Biological pathways associated with SSKB genes The table lists the number of SSKB genes associated with individual KEGG pathways. The pathways are ranked according to their Enrichment relative to the number of reference genes in the human genome based on the hypergeometric test. The raw P-values (hypergeometric test) and the multiple test-adjusted P-values are listed for each pathway. The pathway analysis revealed dominant pathways associated with immune regulation. Indeed, the eight most highly enriched pathways were associated with antigen presenting cells and activation of T cells and B cells. Several cancer associated pathways were identified. This is partly due to the overlap between cancer pathways. These pathways typically include cytokine or growth factor stimulation of cell cycle and cell death and were not further analyzed. Pathways associated with apoptosis, cytokine signaling and inflammation were also highly enriched. To focus on the events associated with initiation of Sjögren's syndrome, we analyzed pathways with known triggers. Several of the highly enriched pathways are triggered by bacterial toxins, viral DNA, or viral RNA. These include signaling pathways for Toll-like receptor, NOD-like receptor, RIG-I-like receptor signaling pathways and the cytosolic DNA-sensing pathway.

Overlap with other autoimmune diseases

The KEGG pathways include several pathways for autoimmune diseases, including type I diabetes mellitus, autoimmune thyroid disease, and SLE. While about 50% of the genes associated with the first two pathways are also associated with Sjögren's syndrome, only 16 Sjögren's syndrome genes were identified in the 140-gene SLE pathway (KEGG ID: hsa05322). These findings suggest that significant differences exist in the pathogenesis of autoimmune diseases.

Conclusions

The results of this analysis can serve as a background and comparison for the increasing number of gene expression data sets available for Sjögren’s syndrome, e.g. [15-17]. Preliminary analysis of such data sets suggest that the biological pathways identified in the SSKB are very similar to those identified in human parotid tissue but quite different from those identified in human labial salivary glands [15]. Future analyses will further define these differences and focus on the comparison of biological pathways identified in human tissues and mouse models of Sjögren’s syndrome. It is envisioned that the SSKB data can also serve as the starting point for literature reviews and literature-based validation of identified genes; functional gene enrichment studies; protein-protein interaction networks and other bioinformatics analyses; it can be used to arrive at gene sets for SNP set enrichment analysis (pathway based GWAS studies); it can be used to define a gene set for gene set enrichment analysis (GSEA); as a starting point for bioinformatics analysis protein-protein interaction networks (based on yeast 2 hybrid) can be identified among the SSKB genes.

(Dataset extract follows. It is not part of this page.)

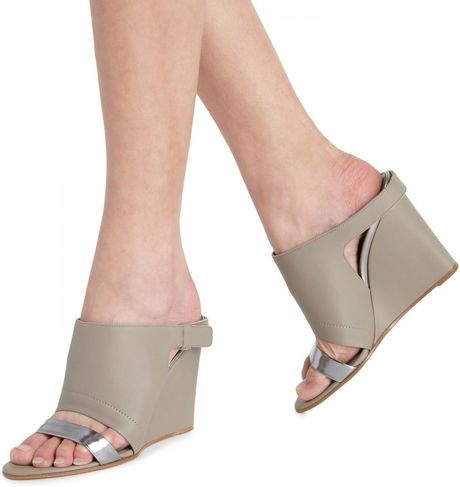 Vince Kasia Leather Wedge Mules in Beige (grey) | Lyst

Availability and requirements

The Sjögren’s syndrome knowledge base is freely available at sskb.umn.edu.

Competing interests

Dr. David Wong is scientific advisor to RNAmeTRIX Inc., a molecular diagnostics company. The authors declare no conflicts of interest.

Authors’ contributions

SUG collected and organized data and performed data analysis and drafted the manuscript. TW designed and implemented the database and web site. DTWW contributed to data analysis, critical review of the database and editing of the manuscript. SH contributed to critical review of the database, statistical analysis and editing the manuscript. SM contributed to data analysis, critical review of the database and drafting the manuscript. All authors read and approved the final manuscript.

Pre-publication history

The pre-publication history for this paper can be accessed here: http://www.biomedcentral.com/1471-2474/13/119/prepub
  29 in total

1.  KEGG: kyoto encyclopedia of genes and genomes.

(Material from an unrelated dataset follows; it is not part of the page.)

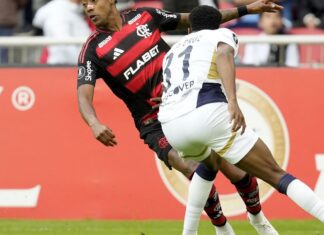 Flamengo empata com LDU e se complica na Libertadores Flamengo empata com LDU e se complica na Libertadores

Authors:  M Kanehisa; S Goto
Journal:  Nucleic Acids Res       Date:  2000-01-01       Impact factor: 16.971

2.  Gene ontology: tool for the unification of biology. The Gene Ontology Consortium.

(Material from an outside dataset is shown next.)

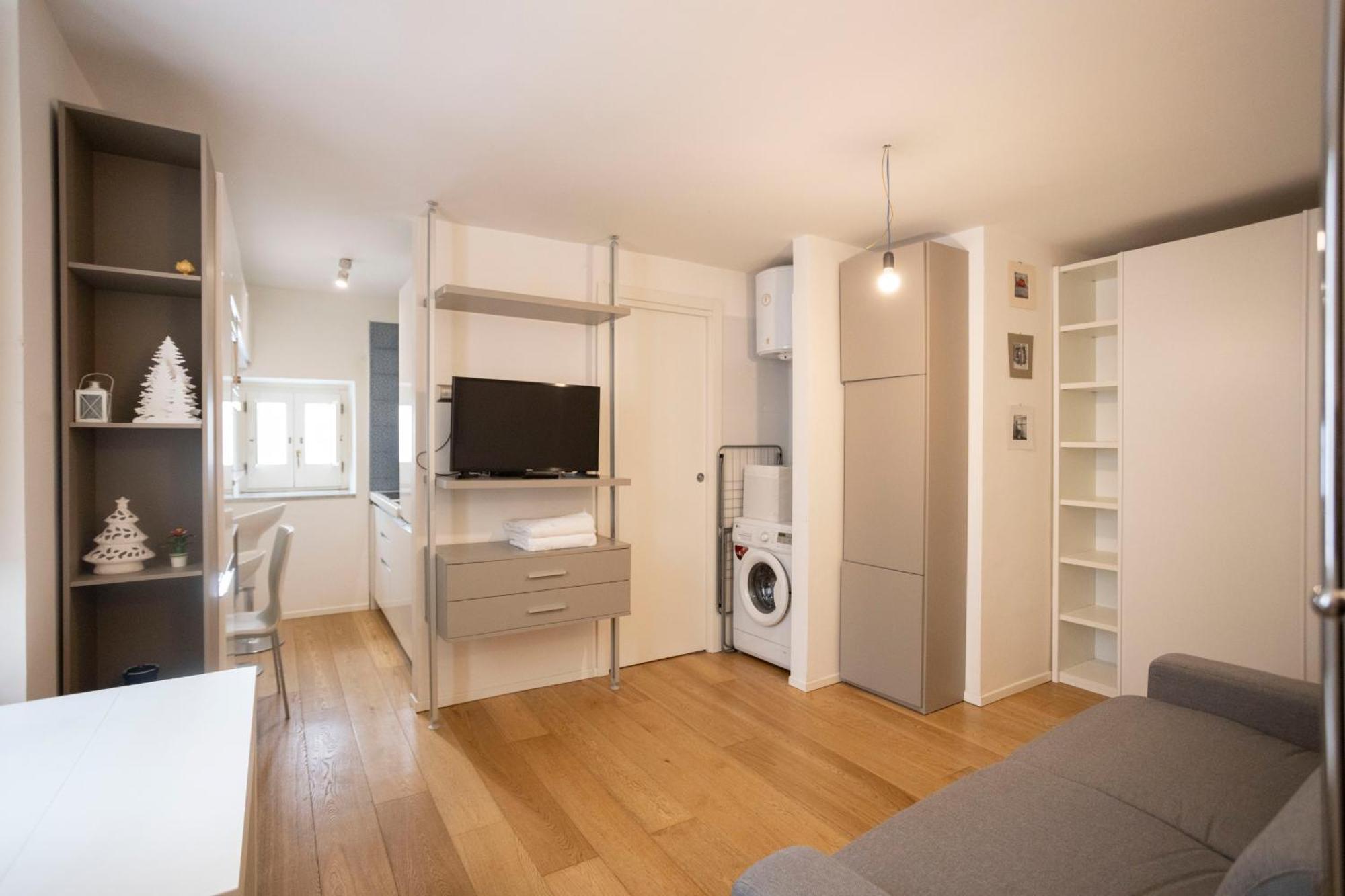 Appartement Qu4Ttro I Domo House à Salernes Extérieur photo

Authors:  M Ashburner; C A Ball; J A Blake; D Botstein; H Butler; J M Cherry; A P Davis; K Dolinski; S S Dwight; J T Eppig; M A Harris; D P Hill; L Issel-Tarver; A Kasarskis; S Lewis; J C Matese; J E Richardson; M Ringwald; G M Rubin; G Sherlock
Journal:  Nat Genet       Date:  2000-05       Impact factor: 38.330

3.  Cross-reaction between antibodies to the major epitope of Ro60 kD autoantigen and a homologous peptide of Coxsackie virus 2B protein.

Authors:  E A Stathopoulou; J G Routsias; E A Stea; H M Moutsopoulos; A G Tzioufas
Journal:  Clin Exp Immunol       Date:  2005-07       Impact factor: 4.330

4.  Molecular mimicry by herpes simplex virus-type 1: autoimmune disease after viral infection.

Authors:  Z S Zhao; F Granucci; L Yeh; P A Schaffer; H Cantor
Journal:  Science       Date:  1998-02-27       Impact factor: 47.728

5.  Evidence for antimuscarinic acetylcholine receptor antibody-mediated secretory dysfunction in nod mice.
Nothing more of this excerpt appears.